本発明の別の局面によれば、不活性なEFは、ワクチン主成分として、必要に応じてPAおよび/またはLFとともに用いられ得る。EFは、アデニリルシクラーゼ活性に関して不活性であり、および/またはPAに対する不活性な結合部位を有する。PAおよび/またはLF成分は、既に詳述したように機能的結合部位を欠き得、そしてSapおよび/またはEA1のような他の抗原を伴い得る。
本発明のPA、LF、およびEF成分を結合部位機能に関して機能不全にするためのさらなる手段は、1以上のPA、LF、およびEFにおける結合部位を不活性化するインヒビターを含むことである。

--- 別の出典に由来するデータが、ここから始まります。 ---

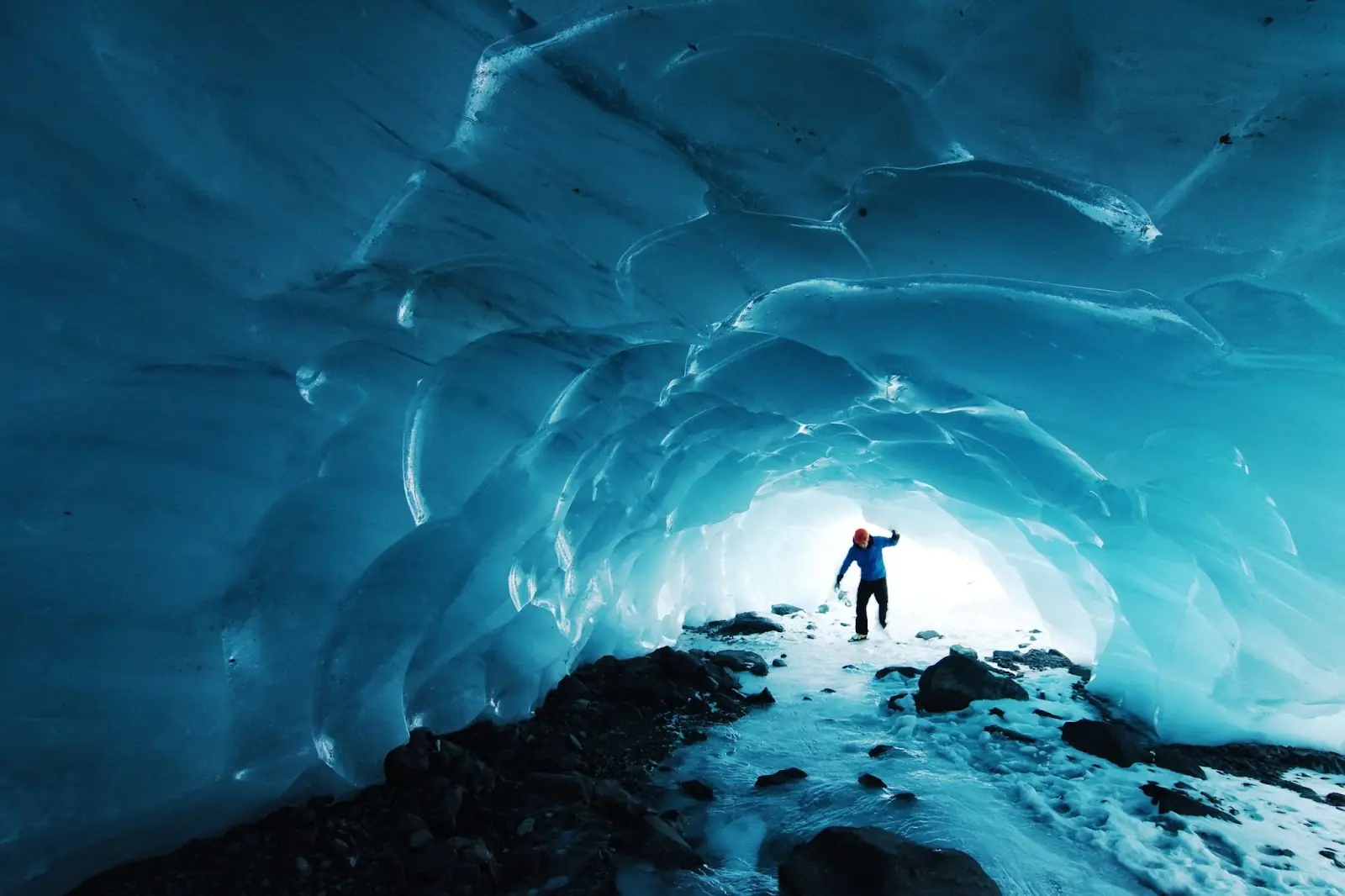 Byron Glacier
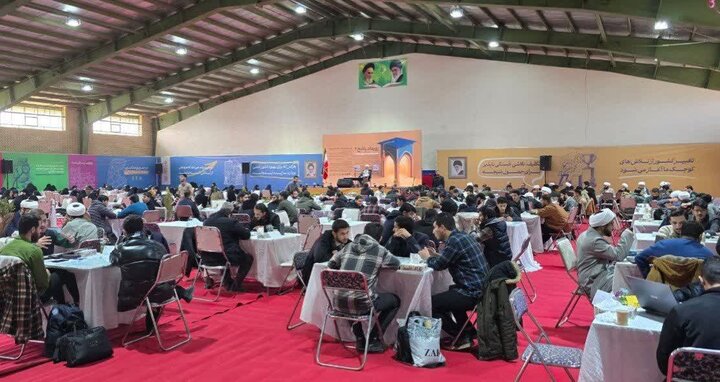 فیلم|آغاز رقابت ۹۰ تیم علمی در رویداد پاسخ در اراک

1つの実施態様では、インヒビターは、天然のターゲット細胞に対する、またはLFもしくはEFに対する、PA上の結合部位を模倣する。あるいは、インヒビターは、PA上のフューリン切断部位に結合し得る。したがって、インヒビターがPAに結合した後、天然のターゲット細胞レセプターを結合する、またはLFもしくはEFに結合する、またはLFもしくはEFをトランスロケートする、PAの能力は、実質的に低下または阻害され、それによってPAは不活性になる。インヒビターは、好ましくは、PAに不可逆的に結合する。1つの実施態様では、インヒビターは、モチーフ「YWWL」を有する短いペプチドである。好ましい実施態様は、「HTSTYWWLDGAP」および「HQLPQYWWLSPG」を含む。
他の実施態様では、インヒビターは、PAに対するLFまたはEFのいずれかの結合部位を模倣する。したがって、インヒビターがLFまたはEFに結合した後、PAに結合するLFまたはEFの能力は実質的に低下または阻害され、それによってLFまたはEFは不活性になる。インヒビターは、好ましくはLFまたはEFに不可逆的に結合する。1つの実施態様では、インヒビターは、LFまたはEF上の活性部位と結合し、あるいはLFまたはEFへの補因子(例えば、亜鉛、ATP、カルシウム、および/またはカルモジュリン)の結合を除去/防止する。
本発明の組成物は、さらなる抗原性成分、好ましくは1以上のS−層タンパク質を含み得る。
最も特徴的なB. anthracisの菌体抗原は、S−層タンパク質であり、Sap(例えば、Sap1)およびEA1[Farchausら, (1995) J. Bacteriology, 177, 2481-2489頁;およびMesnageら (1997) Molec. Microbiol. 23, 1147-1155頁を参照のこと]がある。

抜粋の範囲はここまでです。